BRIEF DESCRIPTION OF THE VIEWS OF DRAWINGS
[0009] FIG. 1 is a system view of a computer file system
illustrating a FAT communicating with a data processing unit,
according to one embodiment.
[0010] FIG. 2 is a system view of a computer file system array
illustrating reduction of FAT instances to one, according to
another embodiment.
[0011] FIG. 3 is a process flow illustrating a method for
performance optimizations of FATs, according to one embodiment.
[0012] FIG. 4 is a process flow illustrating a method of
configuring a microprocessor to implement a method for performance
optimizations of FATs, according to another embodiment.
DETAILED DESCRIPTION
[0013] Several methods and a system of performance optimizations by
dynamic reduction of FATs are disclosed. Although the embodiments
have been described with reference to specific example embodiments,
it will be evident that various modifications and changes may be
made to these embodiments without departing from the broader spirit
and scope of the various embodiments.
[0014] FIG. 1 is a system view of a computer file system 100,
according to one embodiment.
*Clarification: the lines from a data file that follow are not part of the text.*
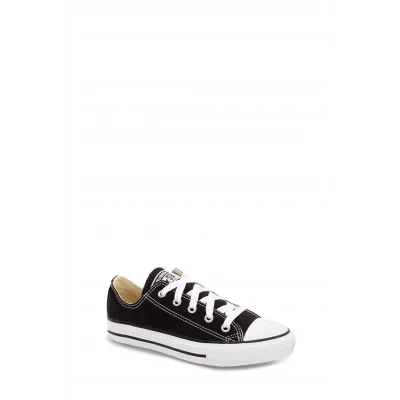 Converse Chuck Taylor Sneaker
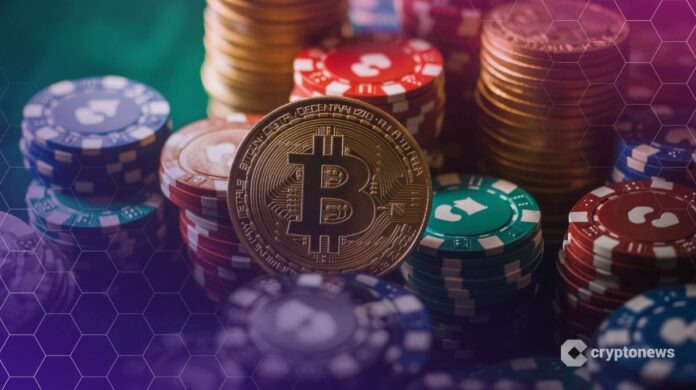 Prediction Markets vs. Meme Coins: Is Crypto’s Next Alpha Living Here?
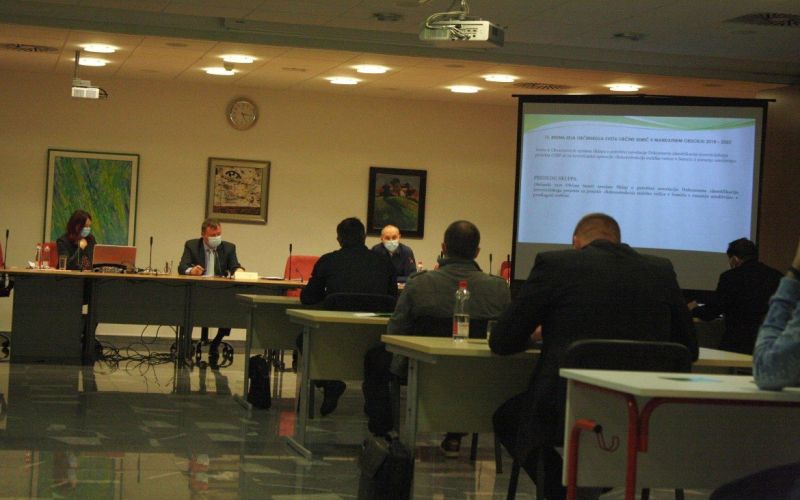 seja_3__2__2021__10_.jpg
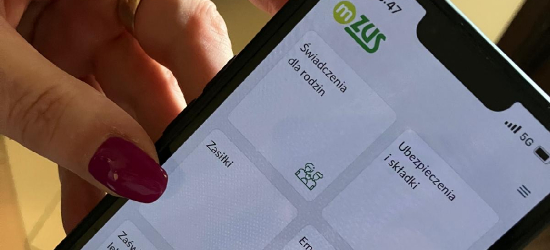 ZUS: Ostatni dzwonek na wyprawkę szkolną. Wniosek o 300 plus tylko do 30 listopada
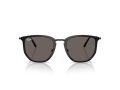 Ray-Ban RB 4451 601/B1 53 Occhiali da Sole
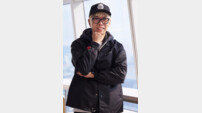 김태호 PD가 도파민 대신 ‘마니또’를 택한 이유…“자극보다 진심” [PD를 만나다]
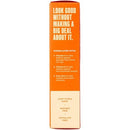 Duke Cannon Daily Defense Face Lotion SPF 32 Lightweight Daily SPF Moisturizer 3 fl oz - Missing Box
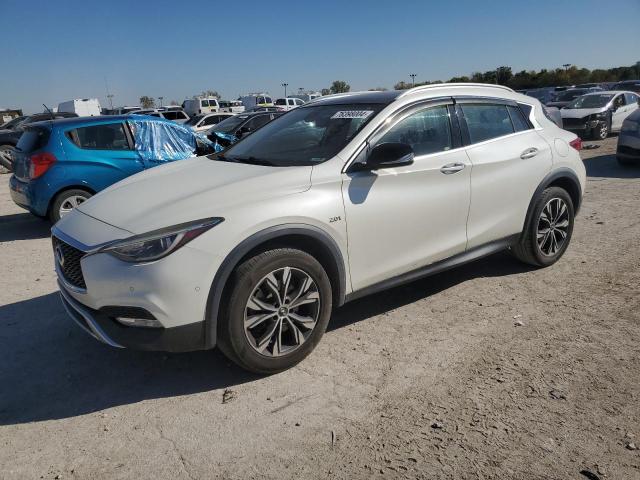 infiniti qx30 base 2017 sjkch5cr4ha036063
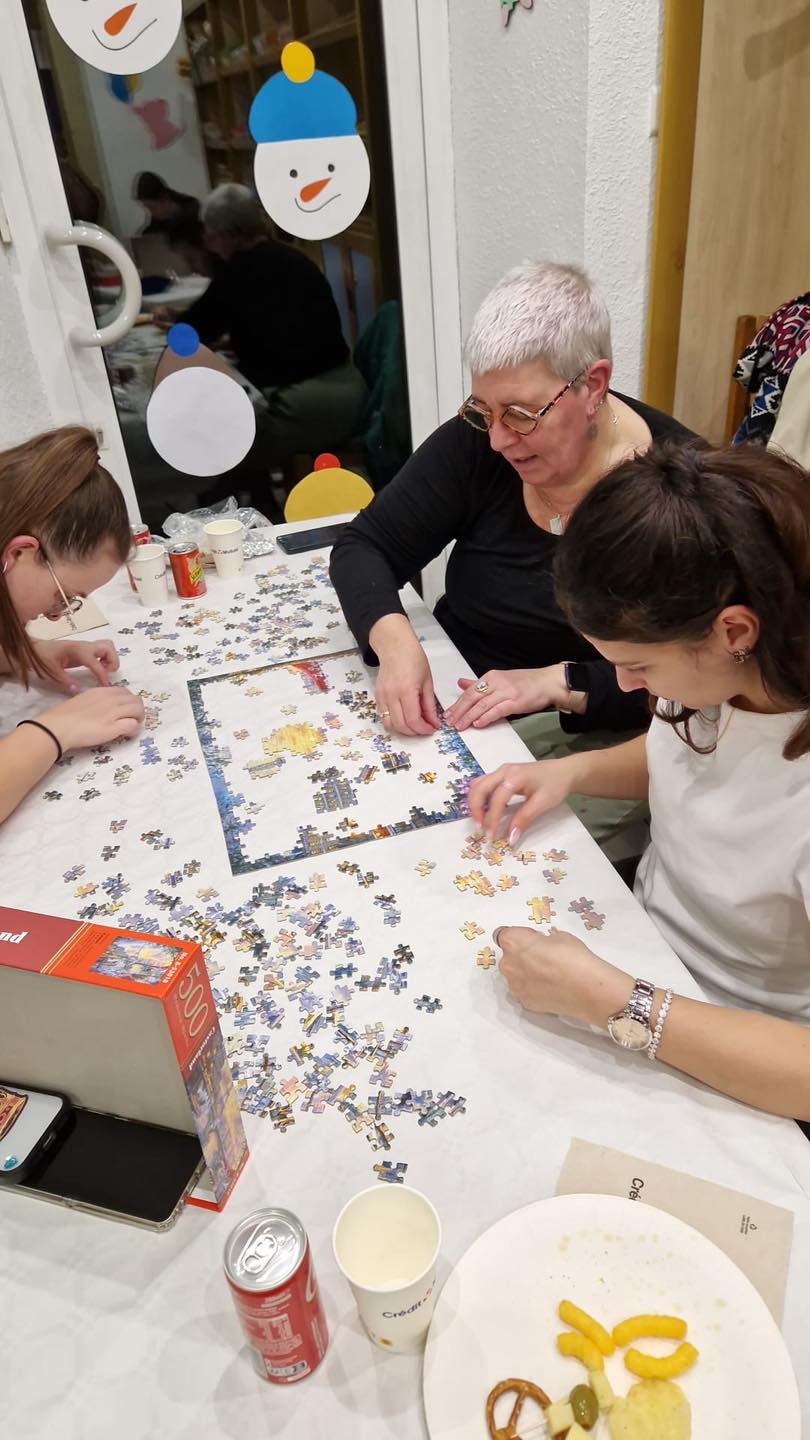 622612905_1183657963849015_1490702439917336842_n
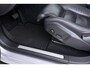 Volvo XC60 T8 Twin Engine Momentum | Head-Up | Panoramadak | Trekhaak | Leder | Camera | 19 Inch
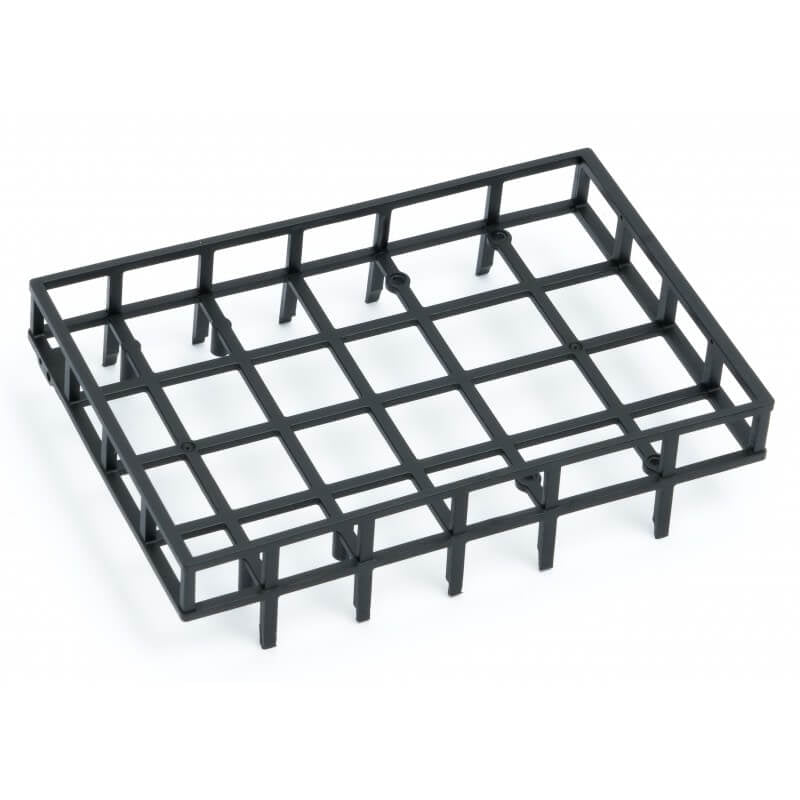 FMS/ROC HOBBY - FMS 12491 ROOFTOP RACK - FMS-C3513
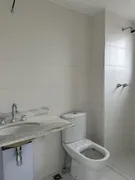 Apartamento com 2 Quartos à venda, 76m² no Vila Madalena, São Paulo - Foto 3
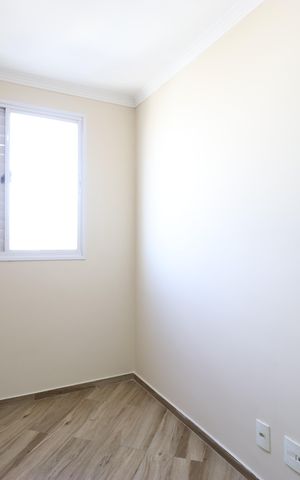 Apartamento à venda com 58m², 2 quartos e 2 vagasSuite 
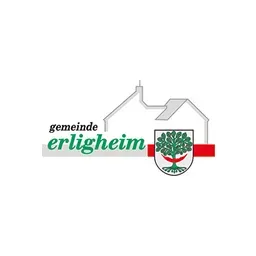 Gemeinde Erligheim - Bürgermeisteramt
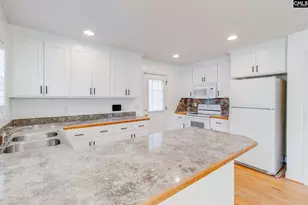 1114 Spring Dr, Lugoff, SC 29078 - Photo 12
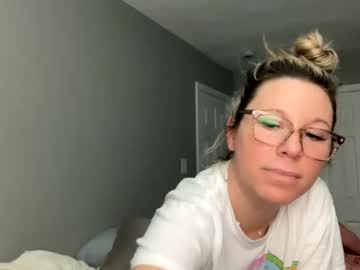 girl
        texas_blonde cam image #3371676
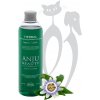Šampon pro kočky Anju Beauté Herbal bylinný 500 ml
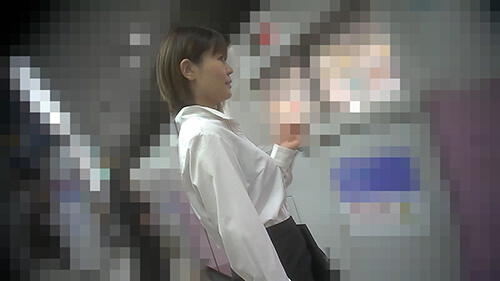 p1225295f919b6577f52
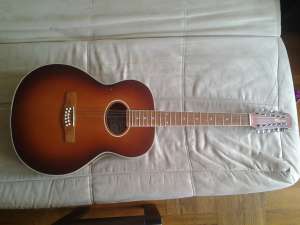 ������ 12-�������� ������������ ������ - ����������� 1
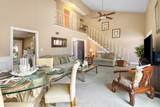 4810 Huron Dr - Photo 8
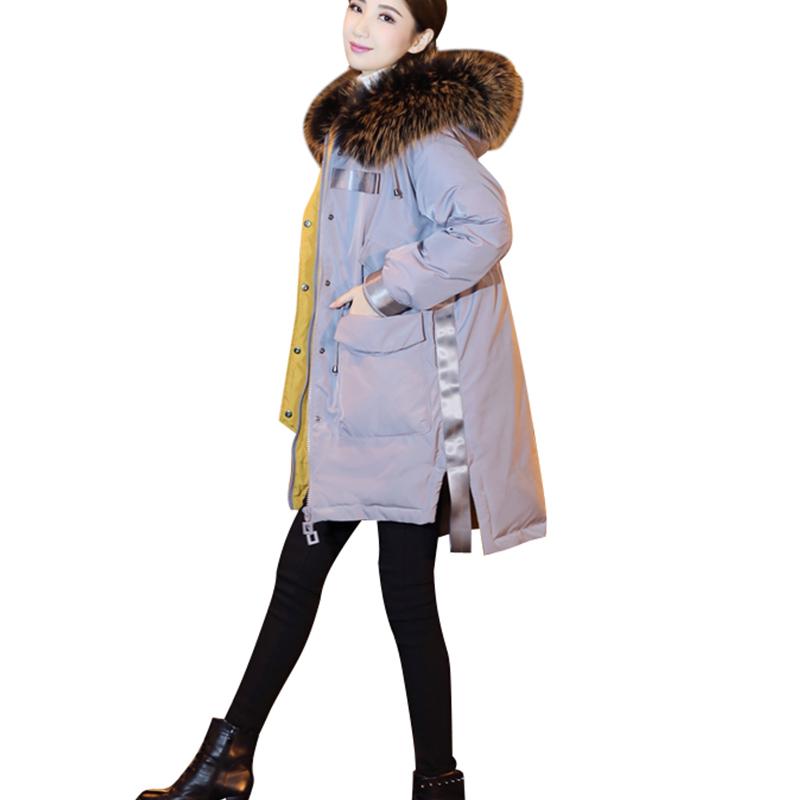 一米五小个子女装气质型,一米五高端气质女装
Particularly, FIG. 1 illustrates a
computer file system 100, a microprocessor 102, a data storage
device 104, a FAT module 106, a FAT1 108, a FAT2 110, a file module
112, a driver module 114, a boot module 116, and a data processing
unit 120 according to one embodiment.
[0015] The computer file system 100 may include the data storage
device 104. The data storage device 104 may include any computer
components, devices, and recording media that retain digital data.
The computer file system 100 may set up the root directory and
subsequent subdirectories. The computer file system 100 may also
create new files or folders which are added to different parts of a
file tree on the data storage device 104. The microprocessor 102
may be a machine that can execute computer programs and is the
integrated circuitry on a tiny piece of silicon that processes the
instructions to make a computer work. In a flash device, the
microprocessor 102 may be the patch that processes data at
specified intervals or in response to changing input values.
[0016] The data storage device 104 may be included in a data
processing unit. The data storage device 104 may be implemented on
a single-chip mobile device platform which may organize the files
on the data storage device 104. The data storage device 104 may be
a solid-state device flash drive. The data storage device 104 may
receive and retain data for subsequent retrieval and may be used
for storing programs or other data. The data storage device 104 may
include both volatile memory and non-volatile memory.
[0017] The FAT module 106 may organize how specific files or
subdirectories are allocated to particular clusters. The FAT module
106 may implement one or more FAT computer file system
architectures. For example, FIG. 1 illustrates the FAT module 106
with two FAT computer file systems assigned the markers of FAT1 108
and FAT2 110. The markers are assigned within a boot sector 206A-B.
A FAT computer file system may include an index with a list of
entries that map to a set of clusters of a directory. A FAT may be
associated with one or more data sectors of the data storage device
104.
[0018] The file module 112 may set a count of FAT instances 204A-B
referred to in a boot sector 206A-B to one if the count is greater
than one. The file module 112 may change a boot sector 206A-B to
refer another data sector including a last FAT instance as
including a new first FAT instance. For example, the computer file
system 100 may include two FAT instances referred to as FAT1 108
and FAT2 110. The file module 112 may modify the boot sector 206A-B
to refer to FAT2 110 as a new FAT1 108. The file module 112 may
change a reserved data sector count of the boot sector 206A-B to
equal a sum of FAT instances located in the reserved data sector
208B.
[0019] The driver module 114 may determine the count of FAT
instances 204A-B during at least one of a periodic operation of a
dedicated application program interface and a file system mounting
operation. The file system mounting operation may occur during a
mobile device's booting operation. When a mobile phone is used as a
Universal Serial Bus (USB) storage device, the file system mounting
may occur when the mobile device is safely decoupled from a
computer using a Microsoft.RTM. Windows.RTM. operating system. The
driver module may also periodically update the data in the FAT
instance. The driver module 114 may operate as a file system driver
for the computer file system 100.
[0020] The file module 112 may set the count of FAT instances to
one if the count is greater than one. The file module 112 may set a
field value to one if an original field value is greater than one.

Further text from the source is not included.